The Iranian, though, could not accept the decision. At the medal ceremony, he stood off to the side glaring at the international wrestling officials, gesturing and cursing until he was pushed to the podium by his coach. When the presenter attempted to slip the silver-medal ribbon over Jadidi's head, the Iranian stared at it as if it were a noose. He refused to grasp the bouquet of flowers given to the medal winners—it had to be pressed into his right hand. Other than that, Jadidi seemed to be enjoying himself immensely. "The gold medal hanging around his neck belongs to me," he said.

Although Angle had bolted from Du Pont's facilities after the murder, a few U.S. wrestlers continued to accept Du Pont's money up to three weeks before the Olympics. One of them was 136-pound Tom Brands, who also won a gold, brawling his way through the Olympic field like a bouncer tossing drunks into the street. Brands gave up one point all week, was the finest wrestler in a U.S. singlet and was typically unapologetic. "I didn't need the [ Du Pont] money to win the gold," he said. "I probably could've won the gold living in a gutter. I just never saw it as money coming from Du Pont."

Though all the Americans wore a small black patch in Schultz's memory—a few of them even wore T-shirts bearing Schultz's picture and the words THE LEGEND LIVES ON—the team was far from unified. Brands, as usual, kept his distance from the other American wrestlers, and despite his insistence that the Du Pont money was of no consequence, accepting it clearly did not endear him to most members of the wrestling community. "That money is blood money, paid for with my brother's life," Mark Schultz said last week from Provo, Utah. "It's wrong. The guy is a murderer, and these guys were accepting money from a murderer. They're trying to justify it in their own minds. Who knows what their reasons are?"

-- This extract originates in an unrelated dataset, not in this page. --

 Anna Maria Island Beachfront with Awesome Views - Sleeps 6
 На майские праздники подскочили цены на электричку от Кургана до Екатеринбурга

The American who seemed most hurt by the absence of the charismatic Schultz was 163-pounder Kenny Monday, who wrestled in Schultz's weight class but could not take his place. Monday was Brands in reverse. He was trying to make a comeback after three years of running a coffee shop and a Subway store in Tulsa, and he looked like a man who was wrestling with a load of hoagies in him. Indeed, he weighed 185, 22 pounds over his limit, the day after his final match. Monday won his first two matches but was creamed in his third, and then just fiat ran out of steam after leading the Japanese wrestler Takuya Ota 2-0 in a last chance for a bronze.